Il fallait d’abord utiliser tous les arguments pour convaincre les chefs d’établissements de ce que j’étais  capable de suivre les cours. Cela n’a pas été  facile. Quand il a fallu que je m’inscrive en 6ème, je suis allé voir le responsable de l’établissement que j’avais sollicité. Il était stupéfait. Il m’a même demandé  qui allait me conduire à l’école. Pendant les cours, je prenais les notes en braille au même moment que mes autres camarades. Je lisais ensuite mes cours à la maison pour préparer les éventuelles interrogations. Pendant les devoirs surveillés, j’utilisais la machine à écrire mécanique, le genre que les secrétaires dactylographes utilisaient auparavant.
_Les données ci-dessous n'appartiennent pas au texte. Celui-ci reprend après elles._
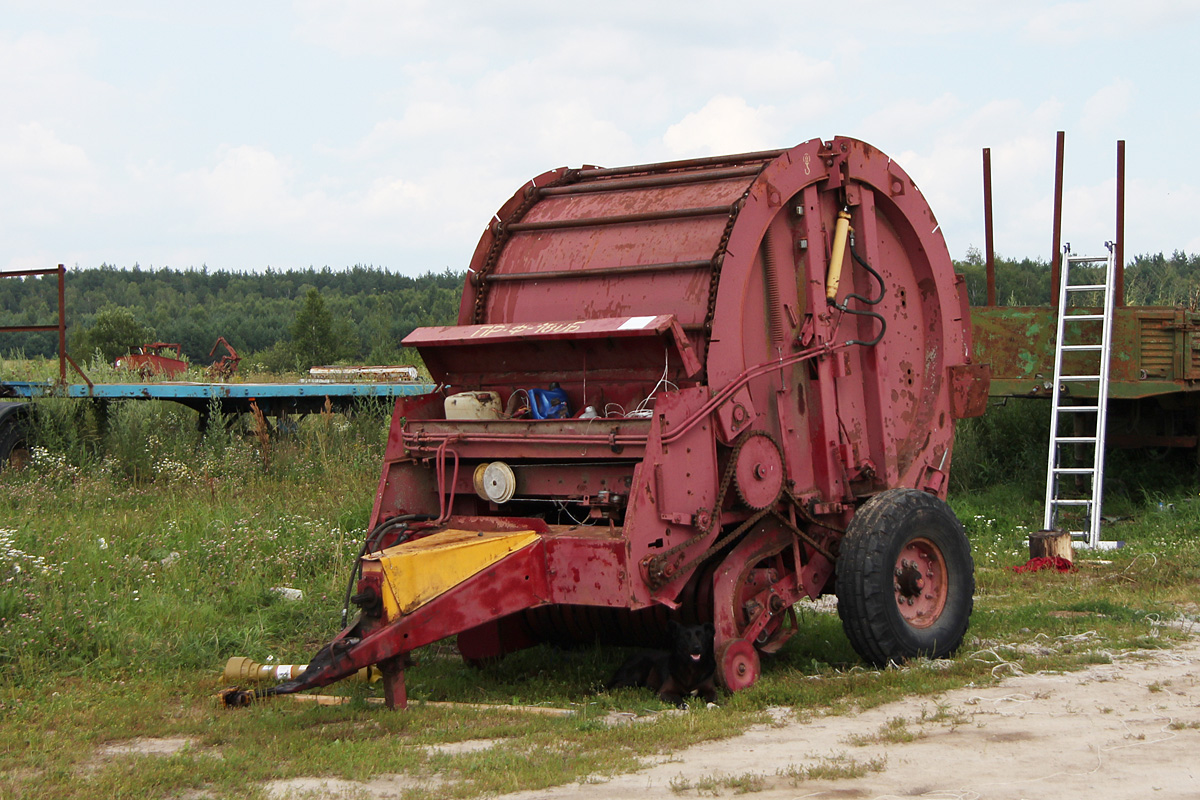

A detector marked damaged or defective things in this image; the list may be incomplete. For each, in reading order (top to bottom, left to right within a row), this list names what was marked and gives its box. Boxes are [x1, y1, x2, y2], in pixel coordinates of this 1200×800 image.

J’installais ma feuille blanche de format A4, j’y joignais un ruban neuf et je tapais mon devoir. Puis je remettais ma copie pour correction comme tout le monde.  Au secondaire j’éprouvais des difficultés lors des cours de mathématiques. Avec la géométrie, je ne pouvais pas dessiner en Braille. Heureusement, j’étais dispensé de cet exercice-là. Mon évaluation se faisait sous la forme de questions. J’avais aussi des difficultés quand les professeurs écrivaient au tableau les noms des auteurs de certains textes ou lors des cours de langue comme l’allemand où tout était écrit au tableau. Je devais me rapprocher d’un camarade pour tout avoir. Si le  professeur  était compréhensif il nous faisait prendre des notes.   Idem à l’université. Je n’ai appris l’informatique qu’après voir obtenu la maîtrise.

Si l’on vous demandait de vous adresser à ceux qui comme vous ont perdu la vue, quel serait votre message à leur endroit ?

Je leur dirais que je ne voudrais pas qu’ils croient que  quand on est handicapé, on n’a plus sa place dans la société. Il faut relever le défi. Je vous dis déjà que ce n’est pas facile ! Nous avons  d’abord des difficultés au sein de nos familles qui ont du mal à nous accepter. Nous en avons aussi à l’école où certains doutent de nos capacités. C’est le handicapé qui doit montrer qu’il a la volonté. C’est en voyant sa détermination qu’on  va finir  par lui donner raison, lui donner la possibilité de s’exprimer. D’autre part, je dois rappeler que comme le disent les textes nous avons des droits qui régissent la personne handicapée.  Ils figurent dans les conventions internationales. Sur le terrain nos droits ne sont pas toujours respectés, mais nous pouvons amener l’Etat à le faire si nous en revendiquons l’application. Il faut d’abord montrer ce que l’on a soi même fait avant de solliciter l’aide de l’Etat.